Although things are subject to change, school officials plan to respond as warranted. At this point, the possibility of closing schools does not seem to fall into that category.

"CDC is not recommending school closures," she said. "However, we have a lot of epidemiology -- a committee through the Health Department and there are individuals that sit on that committee from the hospital, the public schools, the base. And they have established a rather loose 15 percent rate -- 15-20 percent -- whereupon the committee might consider making such a recommendation."

Ultimately, it will be the district's decision, she said. But certainly, if there is an exorbitant absentee rate, of teachers as well as students, it will be considered.

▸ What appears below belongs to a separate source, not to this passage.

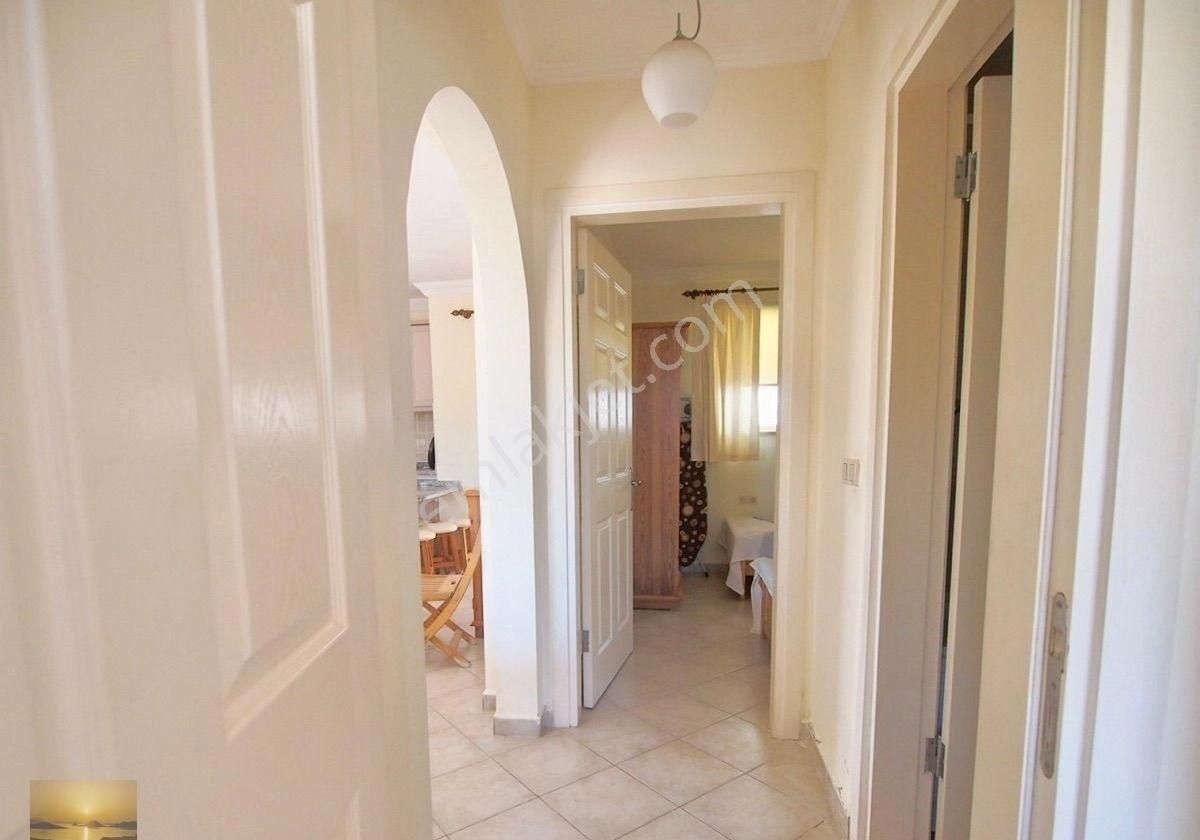 Büyük Köşe Bahçeli Satılık Ev Özel Plajlı Sitede İngilizden Acil - Görsel 3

"If you have 15 to 20 teachers out with a flu, that means you'd have to bring in substitutes, so there are all sorts of ramifications," Mrs. Pridgen said.

As the situation unfolds, the district will release updates to parents and the community, she added.

"We have not done so yet, but we want to get something on our Web site, just some generalized information for our parents on prevention," she said. "We're also considering putting something on our educational TV channel as well, again, on prevention. We want to use as many modalities of communication as we can.

"Parents can be assured if there's a particular threat in our schools, they'll be notified."

The best piece of advice, she said, per CDC recommendations, is for children to remain out of school if they are sick, and to keep them home until they have been fever free for 24 hours.

"In that same vein, we will be asking employees to monitor themselves as well, and if they are ill, they need to stay home," she said.

Concerns surrounding the new strain of flu are understandable, Mrs. Pridgen said.

"When we first started hearing about H1N1 on TV, they called it swine flu and then it was renamed H1N1," she said. "I think those initial reports created a little mass hysteria. As time has gone on, we have seen that it's very mild compared to the typical seasonal flu. We need to treat it as we would any other communicable disease.

"As far as the hygiene of our schools is concerned, our custodians are well-trained. They have a procedure in place, they do disinfecting on a daily basis. That's standard. Our custodians do that every day."

Likewise, the district's school nursing program is also in place to handle any outbreaks.

"At Wayne County Schools we have 17 registered school nurses and they will be available to provide support to parents with regard to information and prevention, and are well-trained to identify the symptoms of illness," she said.